Waves of both good and bad news have swept through the Thai education world this month alone. These realities reflect not only the inequitable structure of our national education policy but also the lack of attention authorities have paid to the field.
First the bad news. The latest survey by the Mental Health Department reveals that the average intelligence quotient (IQ) of Thai students aged six to 15 is 98.59, a little lower than the world's median average of 100. Children in Singapore, Hong Kong, China and Japan have, on average, a higher IQ.
Frankly speaking, this simply means that Thai students are of lower intellectual capability at best, and even less capable than their peers in those countries at worst.
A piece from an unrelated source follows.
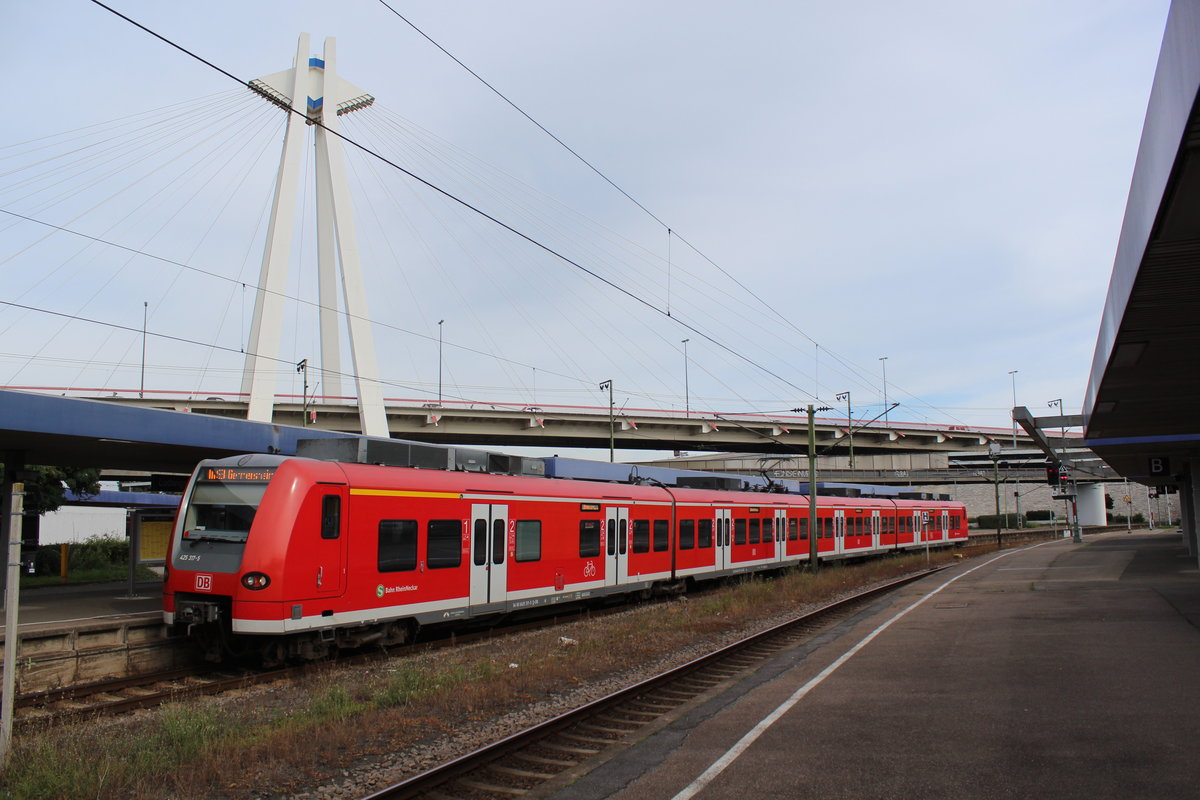 Am 04.10.2017 steht eine S3 nach Germersheim im Hauptbahnhof von Ludwigshafen. Wegen eines Fahrzeugdefekts mussten die Fahrgäste aus dieser S-Bahn aussteigen und mit einem Ersatzzug die Weiterreise nach Germersheim antreten.
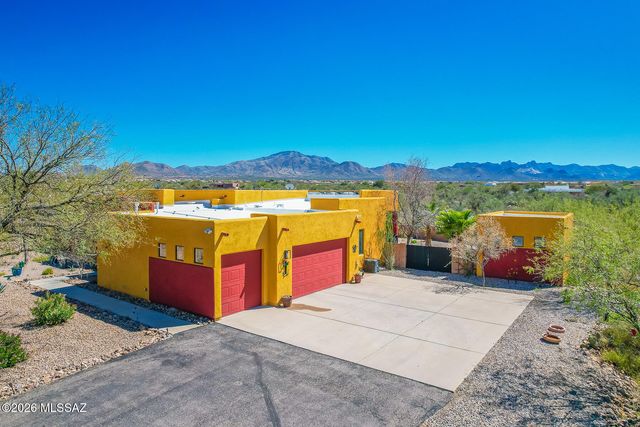 9350 E Still Springs Place, Vail, AZ 85641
By region, students in the Northeast had the lowest average scores, with 95.99. In the South, students did a bit better, scoring 96.85. On average, Northern students' scores were 100.11 while students in the Central region achieved 101.29. Students in Bangkok averaged 104.5.
Of 72,780 Thai students surveyed, 6.5 per cent qualified as having intellectual disabilities, because their IQs were lower than 70.
The second piece of bad news came on Monday, when 200 students rallied in front of the Faculty of Mass Communication at the prestigious Chiang Mai University, demanding that the faculty's dean step down following her alleged poor management. Not long before that, a similar protest occurred at the same university's Faculty of Education, resulting in the removal of its faculty dean.